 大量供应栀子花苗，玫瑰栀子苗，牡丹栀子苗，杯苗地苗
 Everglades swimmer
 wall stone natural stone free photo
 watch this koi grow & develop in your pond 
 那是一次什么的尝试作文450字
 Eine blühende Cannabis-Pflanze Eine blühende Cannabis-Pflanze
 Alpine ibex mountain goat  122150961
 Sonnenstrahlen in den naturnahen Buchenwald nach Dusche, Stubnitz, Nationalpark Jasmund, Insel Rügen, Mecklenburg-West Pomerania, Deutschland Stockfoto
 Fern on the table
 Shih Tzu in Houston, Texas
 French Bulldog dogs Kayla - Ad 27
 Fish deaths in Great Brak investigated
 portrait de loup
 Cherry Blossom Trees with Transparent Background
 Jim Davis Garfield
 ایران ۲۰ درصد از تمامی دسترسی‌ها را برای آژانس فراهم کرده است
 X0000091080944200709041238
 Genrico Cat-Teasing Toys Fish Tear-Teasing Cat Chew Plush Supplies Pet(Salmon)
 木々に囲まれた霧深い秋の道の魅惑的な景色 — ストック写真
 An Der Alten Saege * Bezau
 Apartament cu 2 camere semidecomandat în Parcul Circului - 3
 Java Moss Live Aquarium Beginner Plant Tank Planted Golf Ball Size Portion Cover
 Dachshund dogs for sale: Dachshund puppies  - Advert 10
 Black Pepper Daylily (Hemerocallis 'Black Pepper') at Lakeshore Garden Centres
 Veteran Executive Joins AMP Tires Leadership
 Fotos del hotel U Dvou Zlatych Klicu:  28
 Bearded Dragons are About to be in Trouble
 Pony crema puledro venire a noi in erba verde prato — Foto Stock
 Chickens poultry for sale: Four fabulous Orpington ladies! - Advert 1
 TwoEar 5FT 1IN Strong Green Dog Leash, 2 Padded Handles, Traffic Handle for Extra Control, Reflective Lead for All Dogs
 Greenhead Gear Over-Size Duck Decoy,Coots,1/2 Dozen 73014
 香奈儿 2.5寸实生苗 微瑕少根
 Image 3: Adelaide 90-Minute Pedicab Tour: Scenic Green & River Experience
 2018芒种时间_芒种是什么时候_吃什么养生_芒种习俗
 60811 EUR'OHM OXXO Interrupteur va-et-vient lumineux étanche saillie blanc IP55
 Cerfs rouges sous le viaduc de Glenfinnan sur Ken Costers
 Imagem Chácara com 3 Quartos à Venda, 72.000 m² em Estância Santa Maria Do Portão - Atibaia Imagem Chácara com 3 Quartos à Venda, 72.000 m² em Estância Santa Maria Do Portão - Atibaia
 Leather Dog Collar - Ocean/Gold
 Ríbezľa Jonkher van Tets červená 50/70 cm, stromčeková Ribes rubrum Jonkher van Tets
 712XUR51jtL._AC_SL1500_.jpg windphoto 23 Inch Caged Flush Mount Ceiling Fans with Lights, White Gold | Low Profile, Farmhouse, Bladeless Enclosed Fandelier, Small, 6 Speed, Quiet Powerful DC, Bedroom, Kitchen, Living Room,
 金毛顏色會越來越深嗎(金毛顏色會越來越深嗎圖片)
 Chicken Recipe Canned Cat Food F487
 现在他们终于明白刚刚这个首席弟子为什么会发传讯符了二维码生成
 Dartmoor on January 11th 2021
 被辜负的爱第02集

* _Exercise_
Please give back exactly the lines of this listing beginning at the line with "French Bulldog dogs Kayla - Ad 27" and ending with the line with "2018芒种时间_芒种是什么时候_吃什么养生_芒种习俗", both included, and nothing else.

* _Completed task_
 French Bulldog dogs Kayla - Ad 27
 Fish deaths in Great Brak investigated
 portrait de loup
 Cherry Blossom Trees with Transparent Background
 Jim Davis Garfield
 ایران ۲۰ درصد از تمامی دسترسی‌ها را برای آژانس فراهم کرده است
 X0000091080944200709041238
 Genrico Cat-Teasing Toys Fish Tear-Teasing Cat Chew Plush Supplies Pet(Salmon)
 木々に囲まれた霧深い秋の道の魅惑的な景色 — ストック写真
 An Der Alten Saege * Bezau
 Apartament cu 2 camere semidecomandat în Parcul Circului - 3
 Java Moss Live Aquarium Beginner Plant Tank Planted Golf Ball Size Portion Cover
 Dachshund dogs for sale: Dachshund puppies  - Advert 10
 Black Pepper Daylily (Hemerocallis 'Black Pepper') at Lakeshore Garden Centres
 Veteran Executive Joins AMP Tires Leadership
 Fotos del hotel U Dvou Zlatych Klicu:  28
 Bearded Dragons are About to be in Trouble
 Pony crema puledro venire a noi in erba verde prato — Foto Stock
 Chickens poultry for sale: Four fabulous Orpington ladies! - Advert 1
 TwoEar 5FT 1IN Strong Green Dog Leash, 2 Padded Handles, Traffic Handle for Extra Control, Reflective Lead for All Dogs
 Greenhead Gear Over-Size Duck Decoy,Coots,1/2 Dozen 73014
 香奈儿 2.5寸实生苗 微瑕少根
 Image 3: Adelaide 90-Minute Pedicab Tour: Scenic Green & River Experience
 2018芒种时间_芒种是什么时候_吃什么养生_芒种习俗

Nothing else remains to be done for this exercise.